The dev team has to deploy the application in different QA environments. The application requires a properties file where either the database string connection and the database credentials are defined. In each environment they are different. This is just an example of the same configuration file with different content in different environments.
Instead of having a version of the same configuration file for each environment, it's possible to keep just one, including all the values required in every environment (conncfg.yml). This variables are then used during the same_cfgfile_diff_content Ansible role's execution, when the configuration file's content is set, specific to each environment.
--- - hosts: qa vars_files: - conncfg.yml roles: - same_cfgfile_diff_content
First of all, turn on the 3 VMs that represent the QA environments, executing the command
$ vagrant up. After that, execute the command
$ ansible-playbook playbook.yml. Finally, in order to check the configuration file's content of every environment, execute the command
$ ansible qa -m shell -a "cat /etc/conn.properties".
You can also test the solution automaticaly, by executing
./test.sh or using Molecule. With the latter, you can perform the test not only locally (the default), but in AWS as well. During the Codeyourinfra's continuous integration process in Travis CI, the solution is tested on Amazon EC2.

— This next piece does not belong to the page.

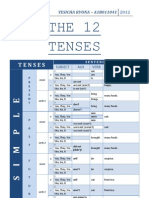 The 12 Tenses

In order to get your environment ready for using Molecule, prepare your Python virtual environment, executing
python3 -m venv env && source env/bin/activate && pip install -r requirements.txt. After that, just run the command
molecule test, to test the solution locally in a VirtualBox VM managed by Vagrant.
If you prefer performing the test in AWS, bear in mind you must have your credentials appropriately in ~/.aws/credentials. You can configure it through the AWS CLI tool. The test is performed in the AWS region Europe - London (eu-west-2). Just run
molecule test -s aws and check the running instances through your AWS Console.